■ Goal of the exercise
Say how many lines of the data contain "this", and nothing more.

■ Records provided
⁂
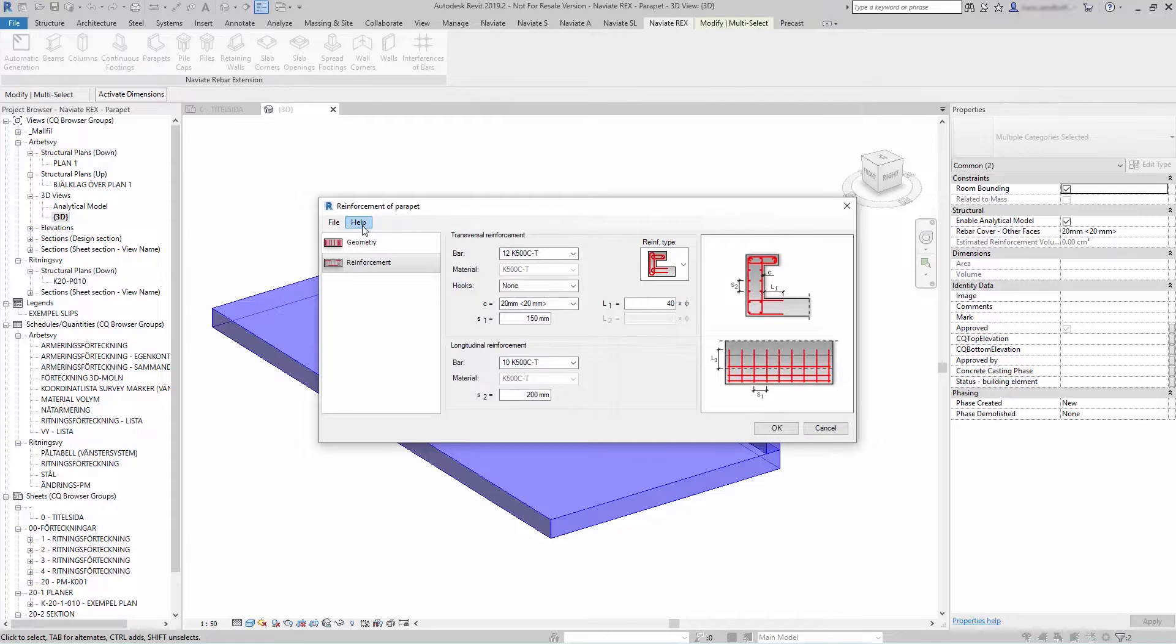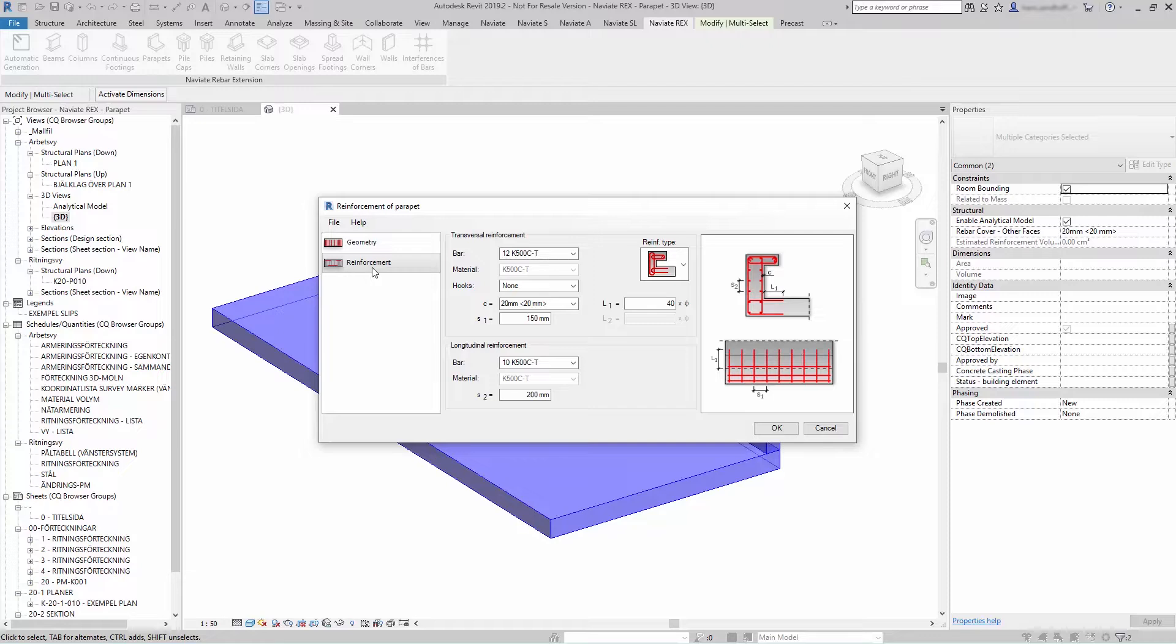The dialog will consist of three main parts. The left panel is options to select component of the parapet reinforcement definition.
⁂
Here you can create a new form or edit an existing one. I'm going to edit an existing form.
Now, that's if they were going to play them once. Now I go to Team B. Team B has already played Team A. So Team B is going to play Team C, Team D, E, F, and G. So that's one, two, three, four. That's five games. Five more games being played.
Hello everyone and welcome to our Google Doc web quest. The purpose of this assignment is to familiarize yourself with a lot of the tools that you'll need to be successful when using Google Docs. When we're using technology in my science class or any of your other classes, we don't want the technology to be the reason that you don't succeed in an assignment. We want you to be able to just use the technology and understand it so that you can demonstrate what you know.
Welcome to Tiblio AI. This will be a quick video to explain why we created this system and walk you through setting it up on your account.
⁂
■ Exercise answer
2